Son olarak değinilmesi gereken BMMYK ile Türkiye arasındaki yetki sorunudur. BMMYK kendi tüzüğüne ve Cenevre Sözleşmesi’ne dayanarak bir devletin mülteci olarak tanımayı reddettiği insanları da, eğer Cenevre Sözleşmesi’nde ve kendi tüzüğünde belirlenen koşullara uyuyorlarsa, mülteci olarak tanıyabilmektedir. Nitekim Türkiye’nin koyduğu coğrafi çekince sebebiyle kabul etmediği kişileri bu sayede mülteci olarak tanıyıp üçüncü ülkelere kalıcı yerleşimci olarak gönderebilmektedir. Fakat Türkiye kendisinin mülteci olarak tanımadığı kişilerin BMMYK tarafından da tanınmaması ve ülkelerine geri dönmeye ikna edilmesi konusunda baskı yapmaktadır. Türkiye’de 2008 yılı itibariyle çok büyük oranı Irak ve İran’dan gelen 18.000 kişi mültecilik ve sığınma için başvurusu yapılmıştır. Özellikle Suriye üzerinden gelen Iraklıların kabul edilmediği ve BMMYK tarafından mülteci olarak tanınmalarına rağmen zorla geri gönderildikleri tespit edilmiştir. Devlet yetkilileri zorla geri göndermeleri kabul etmeyip, yaşananların gönüllü geri dönmeler olduğunu savunmaktadır (USCRI, 2008 Türkiye Ülke Raporu)∗.

II. Festus Okey Vakası

Yukarıdaki aktarılan teorik çerçevenin ışığında Festus Okey vakasını incelemek önemlidir. Çünkü Festus Okey çeşitli göçmenlik statülerinin işlevini görmek açısından eşsiz bir örnek oluşturmaktadır. Festus Okey BMMYK tarafından sığınmacı olarak tanımlanmış ve bu statüsünü belirten bir kimlik kartı almaya hak kazanmıştır. Ancak bir vatandaşlık bağından yoksun kalması sebebiyle hem ölümü hem de mahkeme sürecinde yaşananlar mültecilik/sığınmacılık/göçmenlik gibi kavramların özünü açıklamamız için bize iyi bir örnek oluşturmaktadır.

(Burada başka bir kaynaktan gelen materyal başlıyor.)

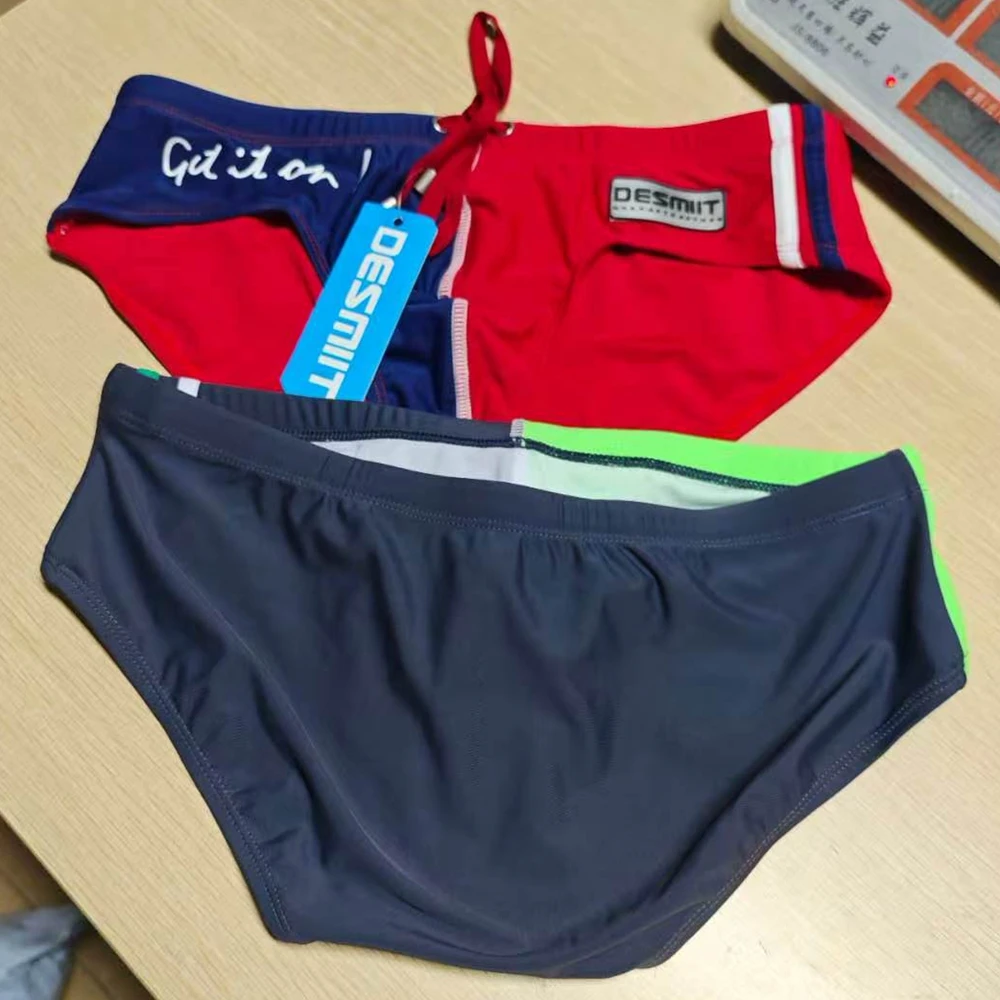 2026Wholesale supply, real shot men's briefs, low waist, color matching tethered beach swimming trunks DMS01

Festus Okey’in yaşamı, hukuki durumu ve ölümü

Festus Okey, Nijerya’daki zor koşullardan kaçıp Türkiye’ye 2005 yılında gelmiştir. Festus Okey’in asıl adının Bethel Chinasaokwu Ogu olduğu ve 5 Ağustos 1975 tarihinde Nijerya’da doğduğu dava süreci boyunca araştırma yapan avukatlar tarafından tespit edilmiştir. 2005 yılında Türkiye’ye gelmeden önce kısa bir süre kaldığı İran’da adını Festus Okey olarak değiştirdiği

(14)

görülmüştür. Pek çok sınırı geçmek ve bu süreçte pek çok kamu görevlisinin yanı sıra pek çok yer altı örgütüyle de ilişkiye girmek zorunda kalan mülteciler için kimlik değiştirme sık rastlanan bir durumdur. Okey, kaçak olarak girdiği Türkiye’de amatör futbol kulüplerinde futbol oynayarak kendine bir kariyer edinmeye çalışmış ancak başarısız olmuştur. Bu sırada İstanbul’da polis tarafından yakalanmış ve 2006’da sınır dışı edilmiştir. Ekim 2006’da Türkiye’de tedavi amaçlı bulunmak üzere 30 gün süreli vize alarak yeniden İstanbul’a gelmiştir. Şubat 2007’de yakalanmış, vize süresinin dolması sebebiyle kaçak olarak ülkede bulunduğu tespit edilip tutuklanmış ve Kumkapı Yabancılar Misafirhanesi’ne götürülmüştür. 6 ay kaldığı Misafirhane’den Birleşmiş Milletler Mülteci Yüksek Komiserliği’ne mültecilik başvurusunda bulunarak çıkabilmiştir. BMMYK başvurusunu kabul etmiş, kendisine sığınmacı olarak kabul edildiğine dair bir belge vermiştir. Türkiye’deki mevzuat gereği sığınmacı olarak kabul edilen kişiler devletin belirlediği şehirlerde zorunlu ikamete tabi tutulmaktadırlar. İzin almadan da bu kentlerden ayrılmaları yasaklanmıştır. Okey BMMYK’dan sığınmacı statüsünü aldıktan sonra mülteci olarak gönderileceği ülkeye gitmeyi beklemek üzere Mersin’de zorunlu ikamete tabi tutulmuştur. Olayın olduğu sırada İstanbul’da bulunması ise Mersin Emniyet Müdürlüğü’nden iki hafta için aldığı yol izin belgesi sayesinde olmuştur. 8 Ağustos-22 Ağustos 2007 tarihleri arasını kapsayan izin belgesi Festus Okey’in bu tarihten önce Mersin’de yaşadığını ve geçici süre ile İstanbul’da bulunduğunu göstermektedir.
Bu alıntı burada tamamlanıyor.